Personnellement, ils ne m’ont jamais fait vibrer. Et puis au parlement européen, un vert style Cohn-Bendit, c’est trop libéral pour moi.

Souffrez donc, amis d’ATTAC, que je puisse préférer des listes 100 % altermondialistes, conduites de surcroît par des gens en qui j’ai confiance. C’est aussi simple que ça. Je vote. A condition que l’offre électorale me satisfasse. Sans ça, c’est pêche à la ligne. Nous pourrons toujours discuter ensuite de l’efficacité éventuelle de cette démarche, supputer ses risques, déplorer qu’il n’y ait pas eu un long débat préalable…Le vote tranchera. Je ne doute pas que si Dominique Mourlane rapporte de ces aventures une pièce de vêtement, il saura aussi faire l’analyse de la précipitation, celle du risque, etc.

Mais les calendriers électoraux autorisent-ils ce type de long débat, qui est par facilité remis aux calendes grecques, chez nous.
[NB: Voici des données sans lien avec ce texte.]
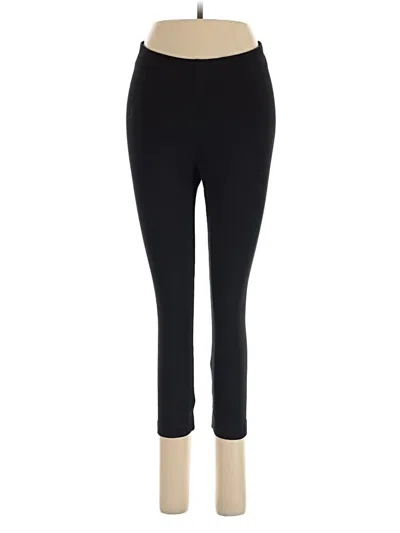 Pre-owned Old Navy Leggings In Black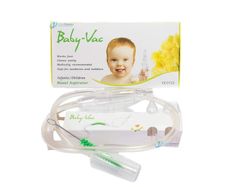 Baby-Vac Nasal Aspirator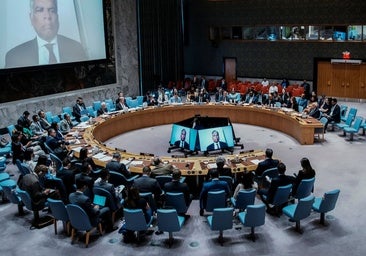 Estados Unidos se queda solo en la ONU en su apoyo a la misión israelí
Seconde réponse : et la partie immergée ? C’est actuellement la plus malsaine et celle qui peut plomber pour un bon moment ATTAC. Elle est faite d’un cocktail assez curieux de paranoïa, de mauvaise foi, et de fuites en avant explicatives qui rendent difficile l’approche de la sérénité.
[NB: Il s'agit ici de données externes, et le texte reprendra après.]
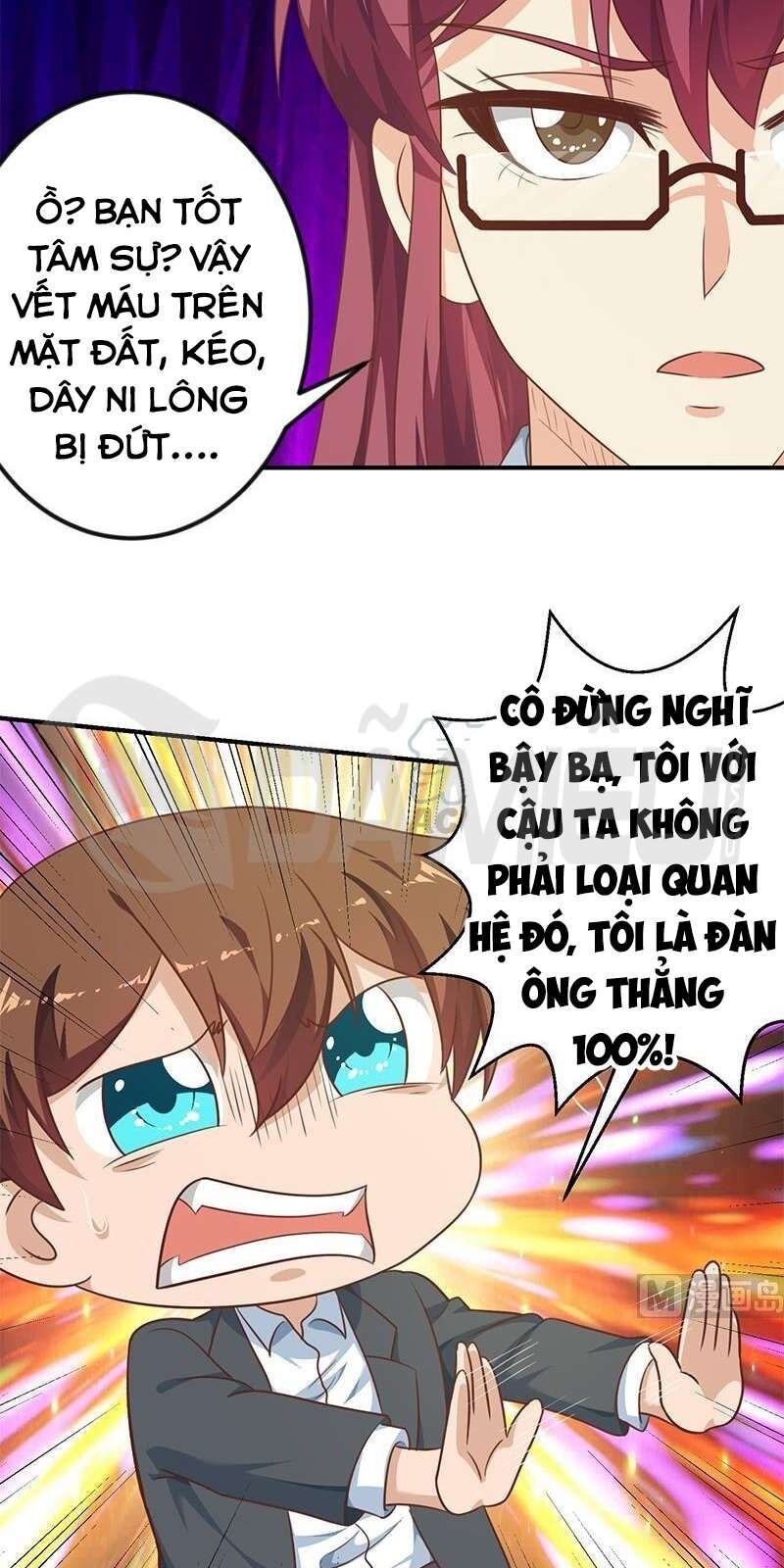 Tu Tiên Trở Về Tại Vườn Trường Chapter 132 - 2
C’est beau comme l’Antique. Les arguments sont des deux bords simplifiés à l’extrême, une accusation basée sur un présupposé : vous avez décidé de monter ces listes parce que vous voulez transformer ATTAC en parti politique. Les accusés sont, ici, Bernard Cassen et Jacques Nikonoff. Eminences grises des listes 100 % alter. Il est toujours possible d’amalgamer tel ou tel à ces deux requins. A mon avis, si nos deux poissons avaient vraiment voulu cela, ils auraient agi avec plus d’intelligence et de subtilité. Ou alors, c’est l’abus de substances toxiques et illégales.
En revanche, il est évident qu’ils font partie de ceux qui voudraient voir les militants d’Attac (et non l’association) se colleter à l’arène politique réelle, mais non nationale, parce que trop politicienne. Et, altermondialistes, nous savons bien que les échelles de la décision politique sont en train d’évoluer et que le champ européen est de ce point de vue le seul qui existe.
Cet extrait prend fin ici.